With next week’s festival, Music Maker aims to celebrate 25 years of supporting traditional art and educating new generations, bringing its community of artists to a wider audience. After a Nov. 19 opening reception that featured selections of Duffy’s tintype photography — which will be on display in Duke’s Rubenstein Arts Center until the end of January — the series officially begins Wednesday with “Pickers and Storytellers,” the opening performance at The Fruit. Wednesday’s lineup includes Dom Flemons of the Carolina Chocolate Drops, whose debut album was released by Music Maker, Durham-based folklorist and songwriter Jake Xerxes Fussell and Virginia-based guitarist Gail Caesar.
Caesar’s story is indicative of many of the artists affiliated with Music Maker. A native of rural Pittsylvania County, Va., Caesar has spent most of her career playing for friends and family, rarely leaving her home county — but not because she couldn’t; she simply didn’t feel the need to. Duffy compared her to Etta Baker, the influential North Carolina-based guitarist who reportedly turned down offers to perform at the Newport Folk Festival because she was raising a family, calling her the “real jewel” of Music Maker 25.
Each night of the festival highlights a different tradition within Music Maker, which has gone beyond blues to include gospel, zydeco and Native American music. Eric Oberstein, interim director of Duke Performances, pointed to Saturday night’s Blues Revue as the “traditional Music Maker experience,” but emphasized how the rest of the series allows a diverse range of other traditions to emerge.
“We recognize the platform that we have here at Duke,” Oberstein said of Duke Performances’ role in the festival. “We feel we have a special responsibility to give a platform to these artists and to these voices, especially those that have been silenced in many ways.”

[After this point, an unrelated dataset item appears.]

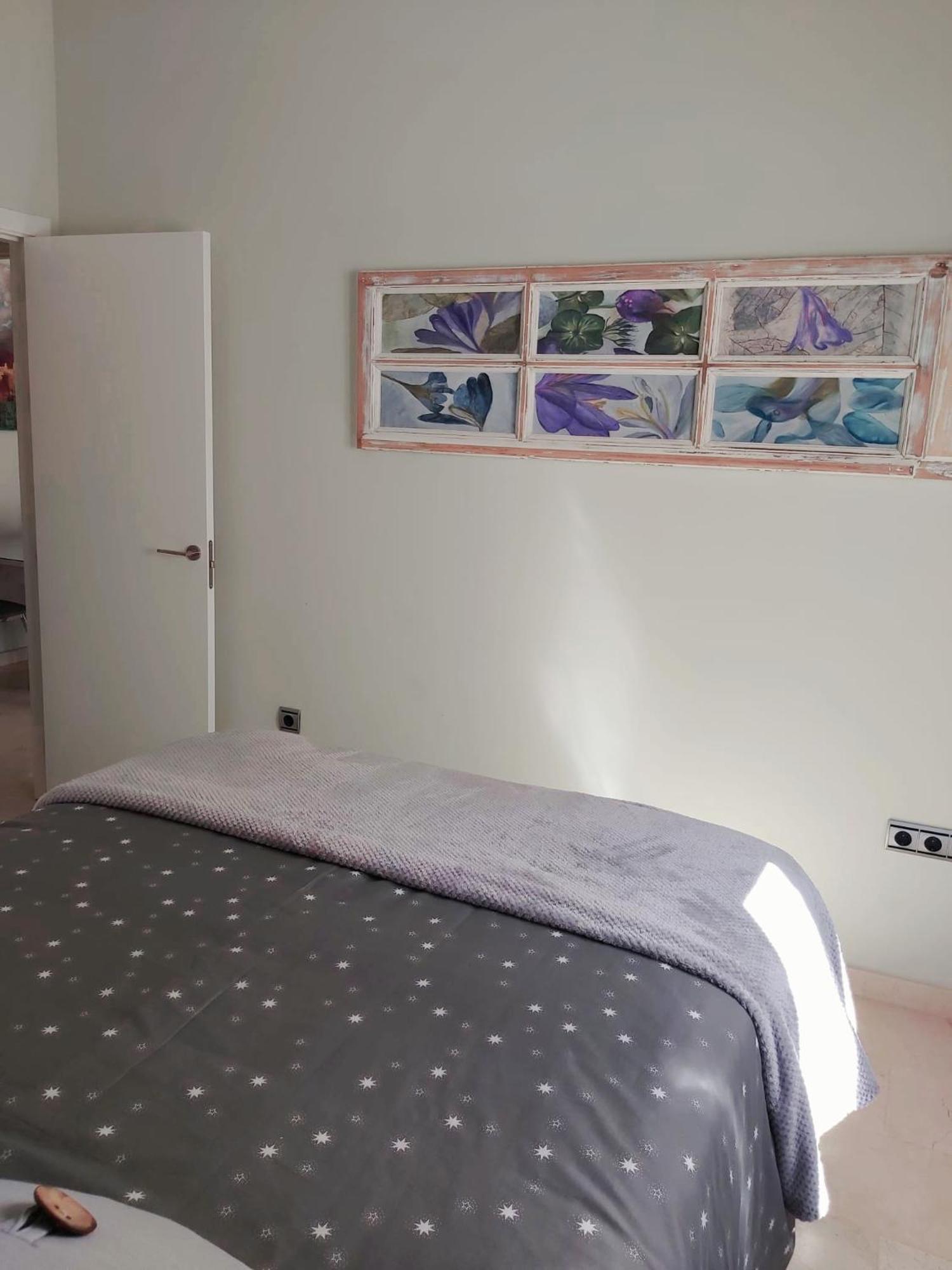 La Casa Del Arte Apartment Cadiz Ngoại thất bức ảnh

Duke Performances also helped to develop an exhibition that will open to audiences before each evening performance at The Fruit. Joel Johnson, art director at Duke Performances, and Kimber Heinz, a public historian and exhibit developer, co-curated the exhibition, which chronicles the 25-year history of the foundation and where it’s going next.

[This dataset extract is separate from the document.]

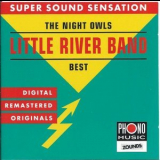 Little River Band - Best: The Night Owls '1994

Through the text, photographs and artifacts that make up the exhibition, Johnson and Heinz made it a priority to center the stories of the artists — like Gabriel, Buckner and Caesar — who have always been at the heart of Music Maker.
“The folks who founded Music Maker, one of the first things that they’ll say is that they really co-founded that organization with some of the founding artists,” Heinz said. “Each one of them has an incredible history. We wanted to try to share what we could … about who these folks were, within and beyond the scope of their work with Music Maker.”
Over the years, the artists connected with Music Maker have found fans in Bob Dylan and Eric Clapton and played shows at Carnegie Hall and the Lincoln Center. But Johnson said he hoped that audiences at Music Maker 25 would learn about a history that, despite its high-profile fans, still rarely gets told.
“Music is history,” Johnson said. “Styles of music have a source, and I think it’s just incredible that some of these people had huge influences on artists that most people are familiar with, but would never know that these artists were the basis for that.”
Music Maker runs from Wednesday, Dec. 4 to Sunday, Dec. 8 at The Fruit. Visit dukeperformances.duke.edu for more information, including ticket prices.
Correction: An earlier version of this article misspelled Dom Flemons’ name. The Chronicle regrets the error.